Retype the data that follows, keeping every character the same.

Recorded data:
....................

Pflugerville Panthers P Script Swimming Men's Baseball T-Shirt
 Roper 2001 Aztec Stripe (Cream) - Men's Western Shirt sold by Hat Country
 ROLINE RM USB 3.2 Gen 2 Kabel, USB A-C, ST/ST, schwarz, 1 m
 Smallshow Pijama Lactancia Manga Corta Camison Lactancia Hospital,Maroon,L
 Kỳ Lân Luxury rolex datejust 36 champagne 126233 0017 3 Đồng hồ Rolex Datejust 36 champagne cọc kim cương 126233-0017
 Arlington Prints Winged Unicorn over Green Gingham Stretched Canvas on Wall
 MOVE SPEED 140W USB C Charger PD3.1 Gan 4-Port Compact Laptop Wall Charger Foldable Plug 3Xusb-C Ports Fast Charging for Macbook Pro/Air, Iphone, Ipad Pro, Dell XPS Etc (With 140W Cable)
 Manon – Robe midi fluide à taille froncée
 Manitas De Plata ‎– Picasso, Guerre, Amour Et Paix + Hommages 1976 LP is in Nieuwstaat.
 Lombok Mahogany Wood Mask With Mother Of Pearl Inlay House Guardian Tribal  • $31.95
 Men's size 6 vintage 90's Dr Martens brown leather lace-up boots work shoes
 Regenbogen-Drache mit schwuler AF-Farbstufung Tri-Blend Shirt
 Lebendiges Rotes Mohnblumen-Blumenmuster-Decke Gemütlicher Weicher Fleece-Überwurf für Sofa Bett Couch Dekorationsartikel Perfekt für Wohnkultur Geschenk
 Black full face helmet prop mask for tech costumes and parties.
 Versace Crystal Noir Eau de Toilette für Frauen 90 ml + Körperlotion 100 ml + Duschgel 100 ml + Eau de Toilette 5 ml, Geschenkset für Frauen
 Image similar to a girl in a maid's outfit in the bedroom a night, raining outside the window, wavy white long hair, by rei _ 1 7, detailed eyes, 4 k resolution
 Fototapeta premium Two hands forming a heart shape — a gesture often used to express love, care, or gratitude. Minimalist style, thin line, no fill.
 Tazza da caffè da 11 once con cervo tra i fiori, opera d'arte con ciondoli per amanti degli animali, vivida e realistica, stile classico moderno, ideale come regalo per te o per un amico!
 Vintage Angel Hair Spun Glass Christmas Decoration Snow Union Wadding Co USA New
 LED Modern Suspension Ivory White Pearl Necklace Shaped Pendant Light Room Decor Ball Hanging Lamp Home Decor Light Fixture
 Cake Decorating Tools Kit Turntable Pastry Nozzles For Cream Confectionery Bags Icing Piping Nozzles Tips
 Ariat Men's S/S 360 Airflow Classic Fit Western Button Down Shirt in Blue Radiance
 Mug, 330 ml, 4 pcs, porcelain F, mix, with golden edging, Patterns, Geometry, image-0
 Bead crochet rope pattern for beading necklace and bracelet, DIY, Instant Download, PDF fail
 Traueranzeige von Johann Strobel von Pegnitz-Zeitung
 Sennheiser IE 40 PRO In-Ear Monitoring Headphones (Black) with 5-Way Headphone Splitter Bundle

....................

EXERCISE OUTPUT:
Pflugerville Panthers P Script Swimming Men's Baseball T-Shirt
 Roper 2001 Aztec Stripe (Cream) - Men's Western Shirt sold by Hat Country
 ROLINE RM USB 3.2 Gen 2 Kabel, USB A-C, ST/ST, schwarz, 1 m
 Smallshow Pijama Lactancia Manga Corta Camison Lactancia Hospital,Maroon,L
 Kỳ Lân Luxury rolex datejust 36 champagne 126233 0017 3 Đồng hồ Rolex Datejust 36 champagne cọc kim cương 126233-0017
 Arlington Prints Winged Unicorn over Green Gingham Stretched Canvas on Wall
 MOVE SPEED 140W USB C Charger PD3.1 Gan 4-Port Compact Laptop Wall Charger Foldable Plug 3Xusb-C Ports Fast Charging for Macbook Pro/Air, Iphone, Ipad Pro, Dell XPS Etc (With 140W Cable)
 Manon – Robe midi fluide à taille froncée
 Manitas De Plata ‎– Picasso, Guerre, Amour Et Paix + Hommages 1976 LP is in Nieuwstaat.
 Lombok Mahogany Wood Mask With Mother Of Pearl Inlay House Guardian Tribal  • $31.95
 Men's size 6 vintage 90's Dr Martens brown leather lace-up boots work shoes
 Regenbogen-Drache mit schwuler AF-Farbstufung Tri-Blend Shirt
 Lebendiges Rotes Mohnblumen-Blumenmuster-Decke Gemütlicher Weicher Fleece-Überwurf für Sofa Bett Couch Dekorationsartikel Perfekt für Wohnkultur Geschenk
 Black full face helmet prop mask for tech costumes and parties.
 Versace Crystal Noir Eau de Toilette für Frauen 90 ml + Körperlotion 100 ml + Duschgel 100 ml + Eau de Toilette 5 ml, Geschenkset für Frauen
 Image similar to a girl in a maid's outfit in the bedroom a night, raining outside the window, wavy white long hair, by rei _ 1 7, detailed eyes, 4 k resolution
 Fototapeta premium Two hands forming a heart shape — a gesture often used to express love, care, or gratitude. Minimalist style, thin line, no fill.
 Tazza da caffè da 11 once con cervo tra i fiori, opera d'arte con ciondoli per amanti degli animali, vivida e realistica, stile classico moderno, ideale come regalo per te o per un amico!
 Vintage Angel Hair Spun Glass Christmas Decoration Snow Union Wadding Co USA New
 LED Modern Suspension Ivory White Pearl Necklace Shaped Pendant Light Room Decor Ball Hanging Lamp Home Decor Light Fixture
 Cake Decorating Tools Kit Turntable Pastry Nozzles For Cream Confectionery Bags Icing Piping Nozzles Tips
 Ariat Men's S/S 360 Airflow Classic Fit Western Button Down Shirt in Blue Radiance
 Mug, 330 ml, 4 pcs, porcelain F, mix, with golden edging, Patterns, Geometry, image-0
 Bead crochet rope pattern for beading necklace and bracelet, DIY, Instant Download, PDF fail
 Traueranzeige von Johann Strobel von Pegnitz-Zeitung
 Sennheiser IE 40 PRO In-Ear Monitoring Headphones (Black) with 5-Way Headphone Splitter Bundle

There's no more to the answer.